Record extracts -
[Start of section]

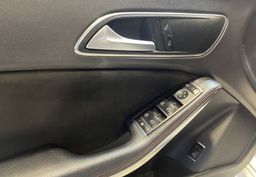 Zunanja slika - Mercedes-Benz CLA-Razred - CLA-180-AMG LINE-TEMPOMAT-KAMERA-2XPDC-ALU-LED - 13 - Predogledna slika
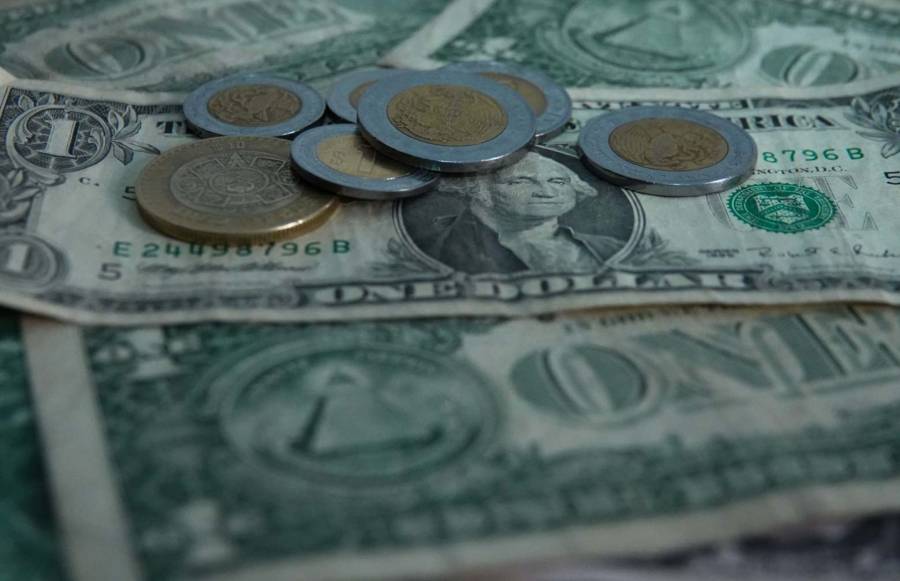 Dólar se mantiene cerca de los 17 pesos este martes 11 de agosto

[End of section]
[Start of section]

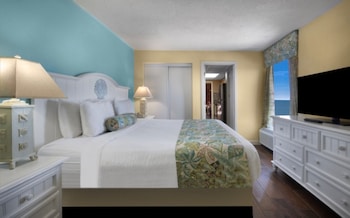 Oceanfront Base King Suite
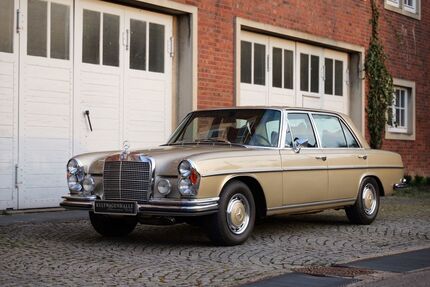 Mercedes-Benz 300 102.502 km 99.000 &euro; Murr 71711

[End of section]
[Start of section]

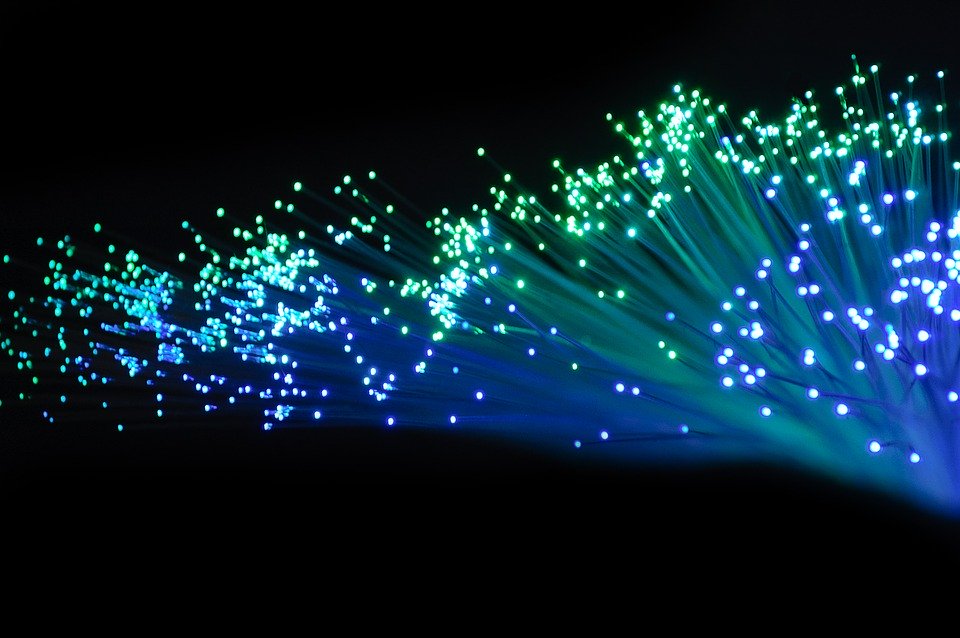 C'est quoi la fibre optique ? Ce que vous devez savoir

[End of section]

Your objective - Given the listing above, retype only the span of lines from the line with "Oceanfront Base King Suite" up to and including the line with "Mercedes-Benz 300 102.502", exactly as it stands and without pictures.

Reply -
 Oceanfront Base King Suite
 Mercedes-Benz 300 102.502 km 99.000 &euro; Murr 71711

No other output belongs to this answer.